Key will be what happens to UK employment over the second half of 2016 and onwards, when the impact on business confidence and the wider economy of the EU referendum vote gradually become clearer.
To be fair, it was extremely unlikely there would be a kneejerk reaction with companies getting rid of staff immediately following the vote on 23 June. Staff bloodletting in the immediate aftermath would have looked both premature and vicious, and been a PR disaster.
The insidious risk is that as the UK economy slows, as is widely predicted, private firms will stay cautious on investment given the Brexit negotiations with the EU and that it will feed into the field of hiring.
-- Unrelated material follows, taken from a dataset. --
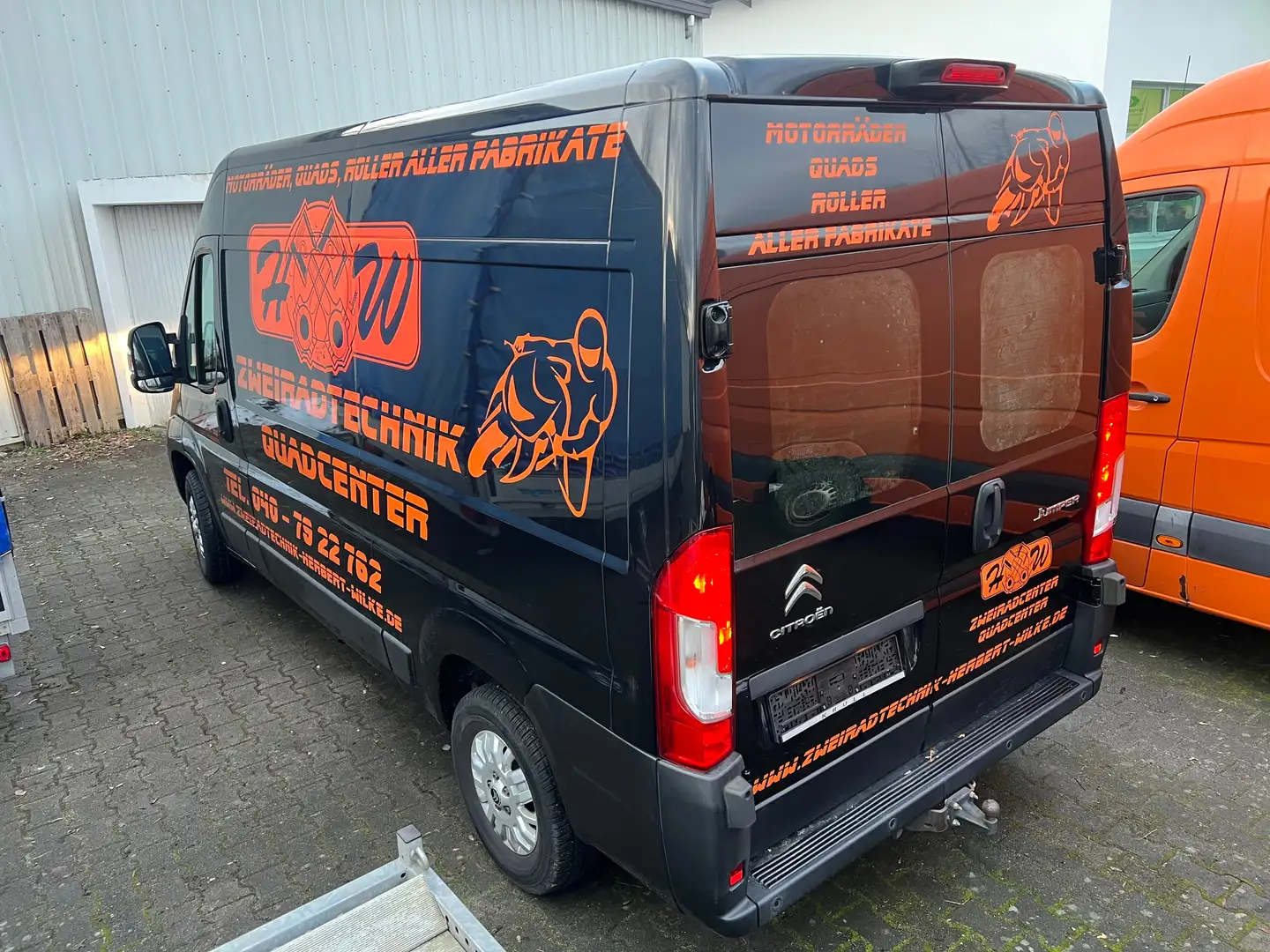 Citroen Jumper 33 L2H2 Club BlueHDi 165 Start Schwarz - 2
As such, it was to be expected that despite yesterday’s positive numbers, everyone from the CBI employers’ body to the TUC is urging the government to announce major infrastructure programmes in the Autumn Statement to help underpin the economy and the prospects for employment.
For now, though, let’s be pleased employment reached a record high of just under 75 per cent in the three months to June – with 31.8 million people in work, 172,000 more than in the previous quarter.
Meanwhile, jobless rates of 4.9 per cent in the UK and 5.2 per cent in Scotland (which saw a fall of 26,000 in unemployed over the period) are clearly healthy, much better than the EU’s deep south. We are in an economic twilight zone at present, tentatively feeling our way. But the latest employment data is perhaps more reassuring than we might have hoped.
Looking up for Lookers
Car dealership Lookers – owner of Taggarts – has made its strategy clear: sell its parts business while focusing on the cars through organic growth and acquisitions. It seems to be paying off.
Halftime sales have jumped to a record £2.3 billion from £1.75bn at Lookers’s 150 dealerships in the UK and Ireland. Investors, with a 20 per cent rise in the divi, may feel they are driving through scenic country, with the window down and soothing music playing.